Of course, one wonders if ultimately the extra time usurped checking licences, ratting out clients to the county (which was proposed and perhaps passed for some jurisdiction somewhere - it was debated on Itchmo) gets passed on to the client.

And takes up staff time, time that could be spent thinking about and tending to our pets rather than doing the governments work for it.
# Posted By Stefani | 4/25/08 2:30 PM
I don't know how it is around other parts of MA, but they are pretty lax about dog licensing here. If you miss the deadline, you'll get a nasty gram in the mail several months later stating pay up ( a license for a spayed or neutered dog is $7.00, $10.00 if neither have been done) or pay for the license and the "penalty fee" which is $15.00. I paid the penalty fee on my own once and they sent me my money back. LOL I'm gathering that this has something to do with the fact that I've never had a problem with the dog officer, my dogs have never bitten anybody or allowed to run loose and that I pay my property taxes in full on a yearly basis. If only small town politics always worked in my favor...

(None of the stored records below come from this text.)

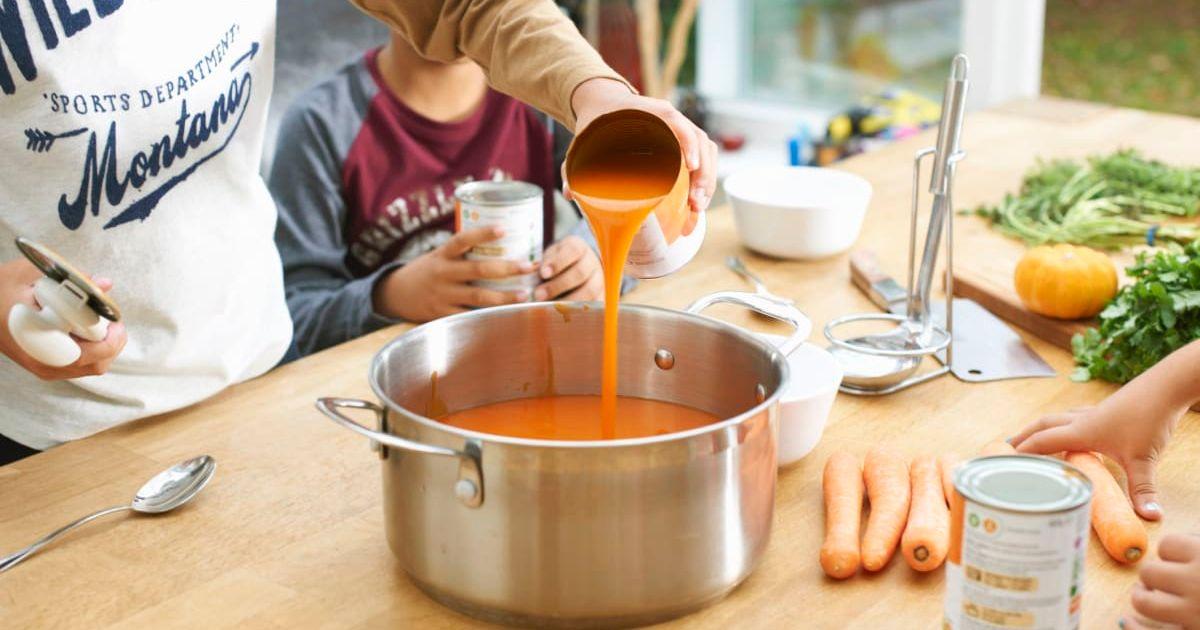 Person pouring a can of soup into a pan (Representative Cover Image Source: Getty Images | Peter Muller)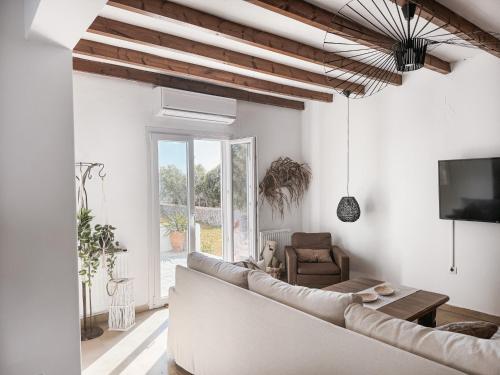 uma sala de estar branca com um sofá e uma televisão em The Mykonos House - Newly Renovated Villa Near Town em Míconos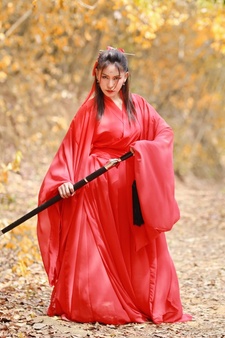 young-beautiful-asian-woman-dress-traditional-chinese-old-fashion-warrior-style-with-ancient-w...jpg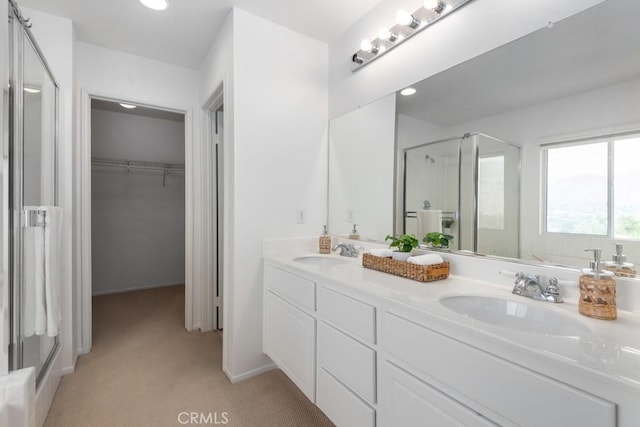 bathroom featuring vanity and a shower with door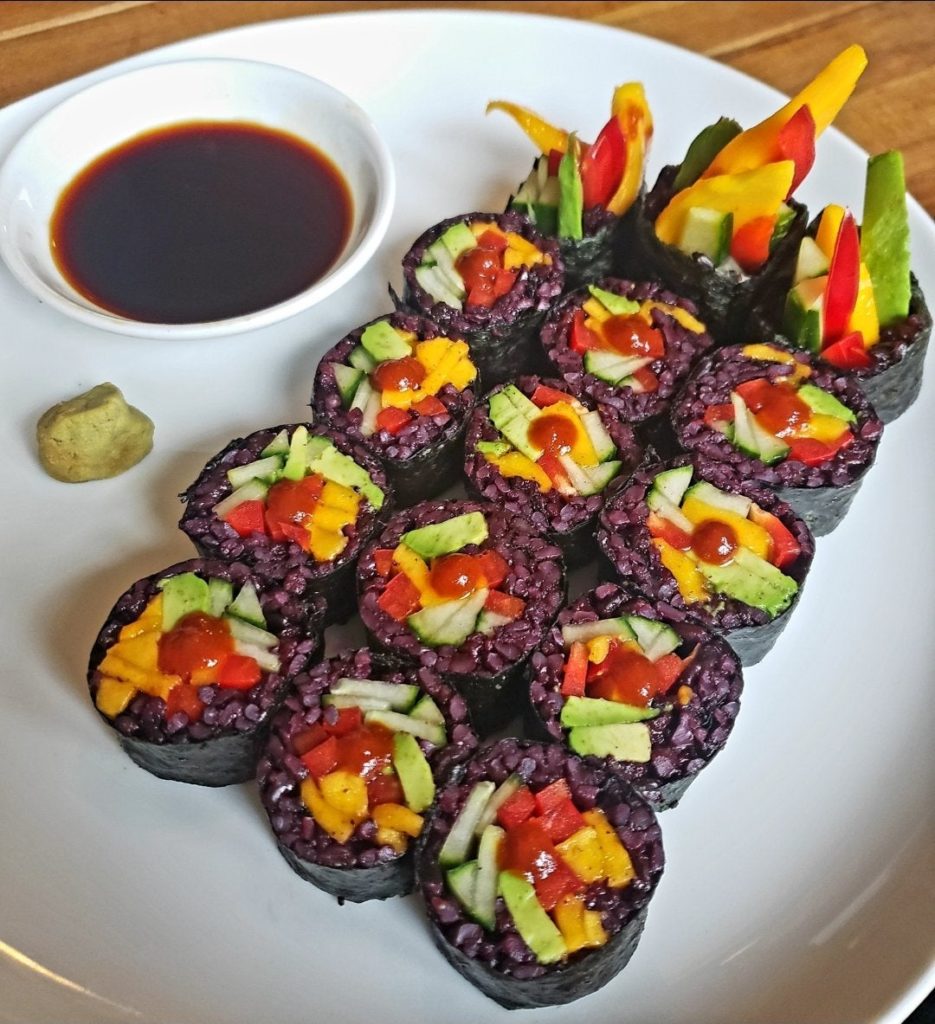 Spicy mango and avocado sushi with black rice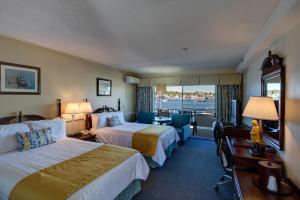 a hotel room with two beds and a window at Browns Wharf Inn in Boothbay Harbor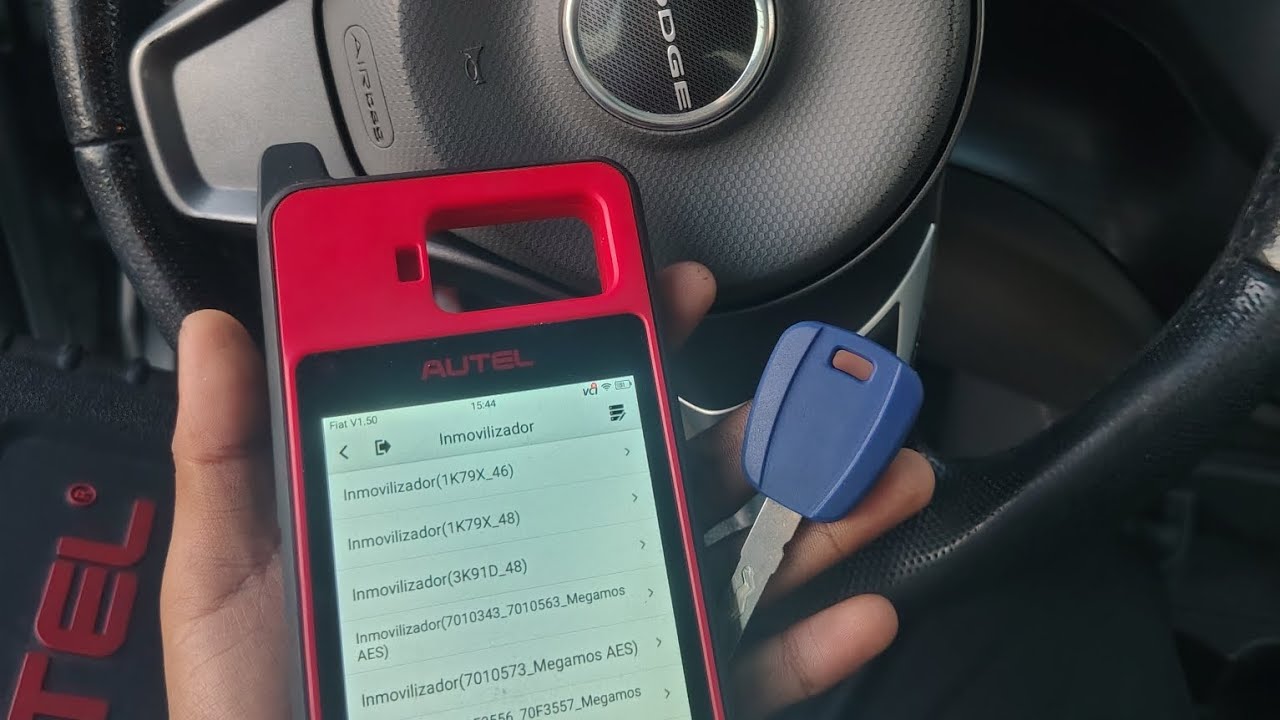AKL Dodge visión 2016 con autel KM100 programación de llave por perdida 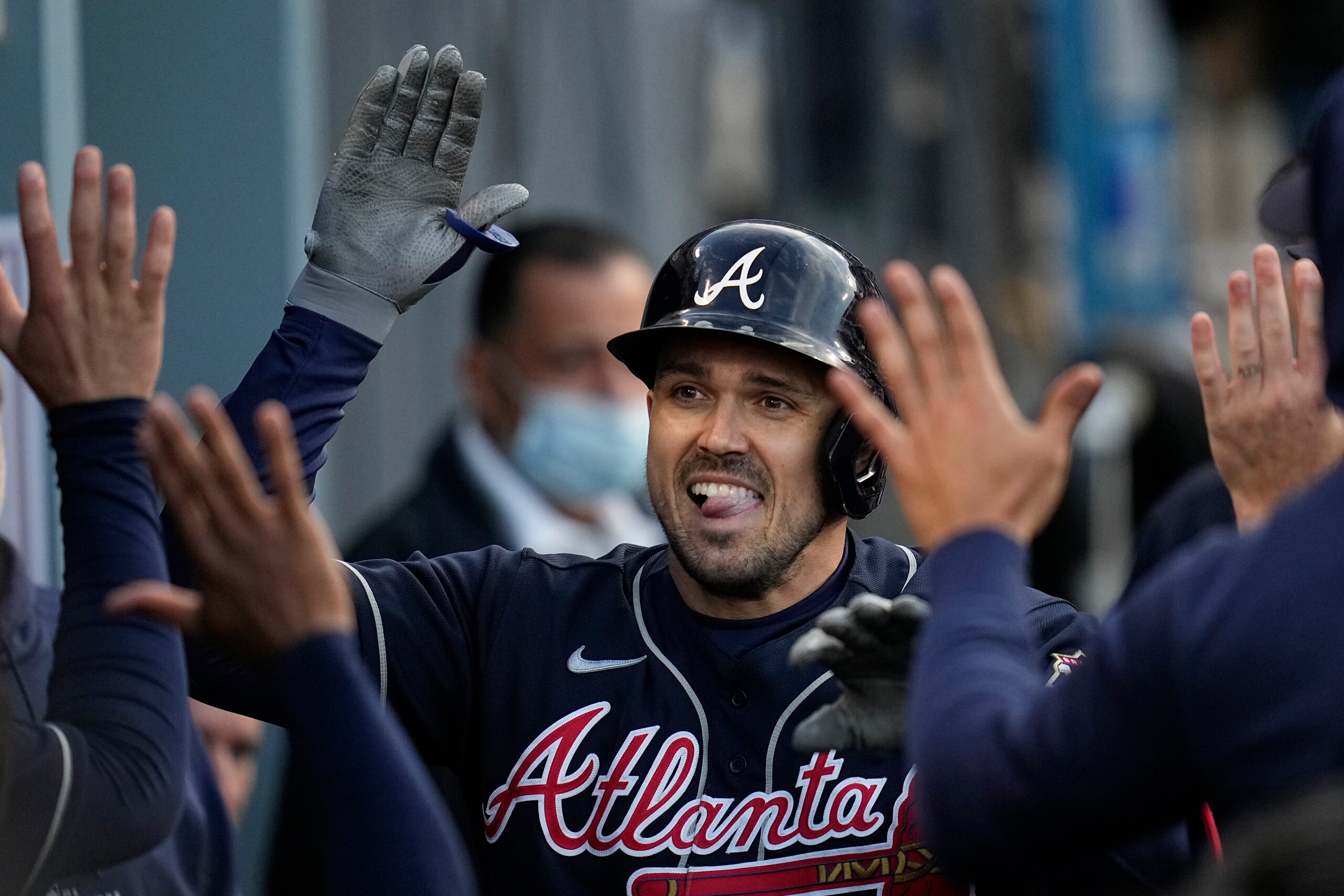 Atlanta Braves' Adam Duvall celebrates his solo home run in the second inning against the Los Angeles Dodgers in Game 4 of baseball's National League Championship Series Wednesday, Oct. 20, 2021, in Los Angeles. (AP Photo/Ashley Landis)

For some dumb reason they changed the month and day dog licenses were due in the middle of last year. They went from being due in June to Jan 1. Last year they were making noise about being allowed to keep the money they collected for licenses instead of sending it to the state. I didn't care either way as the town or the state will just spend that extra cash on something stupid anyway, but it made the town clerk happy anyway.
# Posted By Stacy | 4/26/08 7:12 AM
MeriGray- If a pet has been euthanized, a copy of the certificate can be sent in. If the animal died due to a accident or at home for some reason, most pet owners contact their vet in these cases and most vet offices will write "deceased" on the pets record which should be kept and stored somewhere. I'm guessing that a copy of those types of records would suffice as well.

Don't quote me on this as not all states work the same way. The only problem I've had is with a vets office that euthanized a pet. They forgot to mark the dog's record as deceased in their computer and I got a set of reminders for her vaccine updates. They've never done it again, but I wasn't happy about it. The town never knew what happened and didn't ask for a license update, so I'm gathering that the town had a better clue of what was going on than that office did.